Very thought-provoking cogent ponderings… I also saw the PBS show portraying Freud debating CS Lewis, the blogger mentions. The program was also thought provoking and deep, yet fell short of answering the ultimate questions…  This article/blog below and the comment that follows seem to point right at such ultimate answers. — +Katia

Forget God

The November 13, 2006 issue of TIME Magazine featured a debate between scientists Richard Dawkins and Francis Collins on the existence of God, the origin of the universe, faith vs. science, etc. As might be expected, they went around in circles and got nowhere. That’s because they are assuming that one has to find God before he or she gets answers to anything else of a spiritual nature.
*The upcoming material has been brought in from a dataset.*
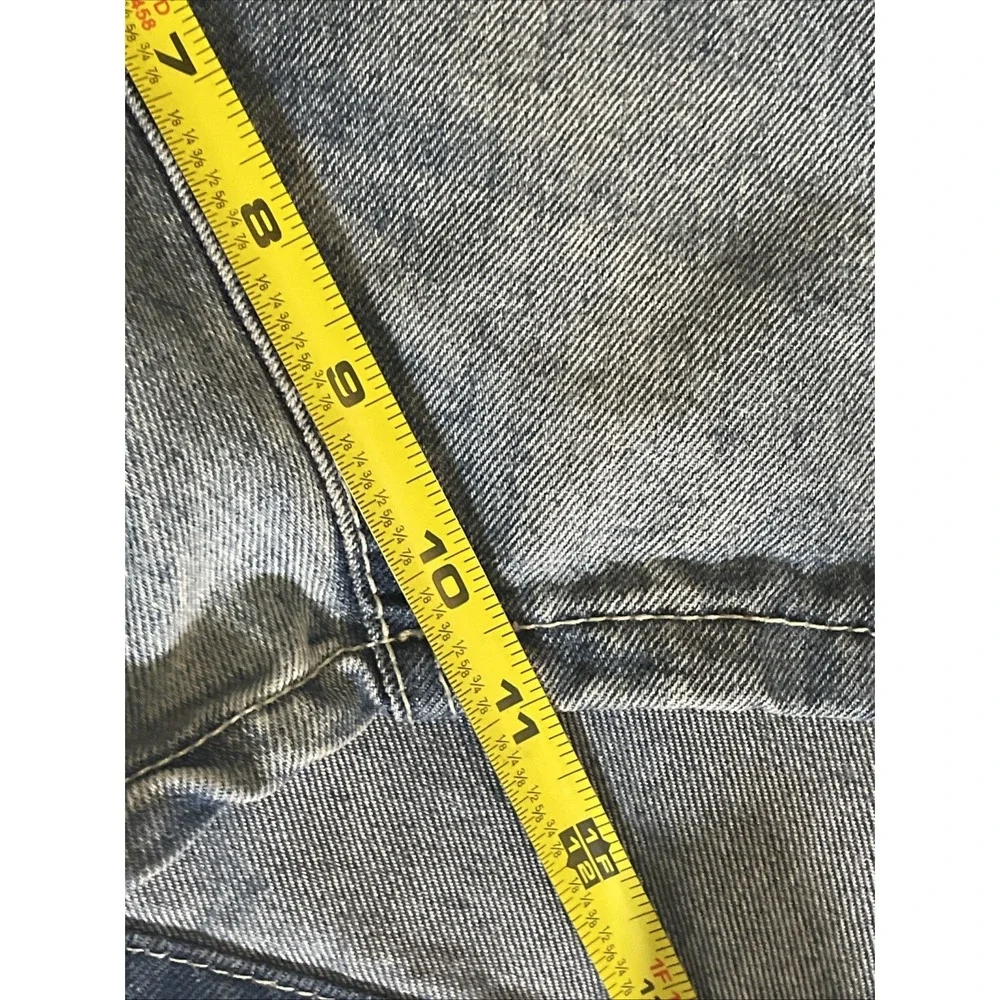 Ecko Unltd Denim Raw 72 Shorts Men's Size 50 Blue Relaxed Baggy Y2K Hip‎ Hop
At no point do these intelligent men get to the real issue — whether consciousness survives physical death. If God does exist, but consciousness does not survive physical death, so what? We are still marching toward “nothingness,” i.e., total extinction.
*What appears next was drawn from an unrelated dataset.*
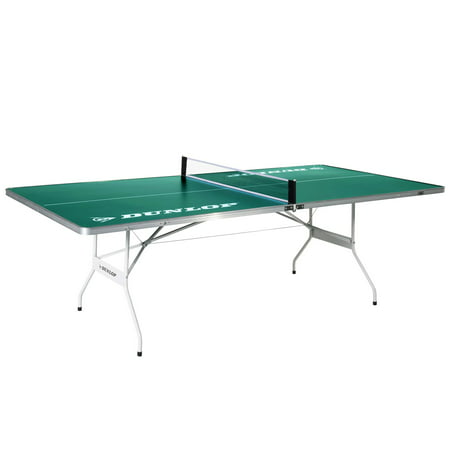 DUNLOP EZ-Fold Indoor-Outdoor Table Tennis Table, 100% Pre-assembled, 96-inch (Best Table Tennis Tables Uk)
Not long ago before I read the TIME article, I watched a two-hour television program titled The Question of God on PBS. The program, moderated by Dr. Armand Nicholi, a Harvard professor and practicing psychiatrist, featured a theoretical debate between Sigmund Freud, the atheist, and C. S. Lewis, the believer, on the existence of God. After the views of Freud and Lewis were presented by actors portraying the two men, a panel made up of educated believers, agnostics, and atheists gave their thoughts. As you might expect, the discussions went also went around in circles and ended up at the starting point.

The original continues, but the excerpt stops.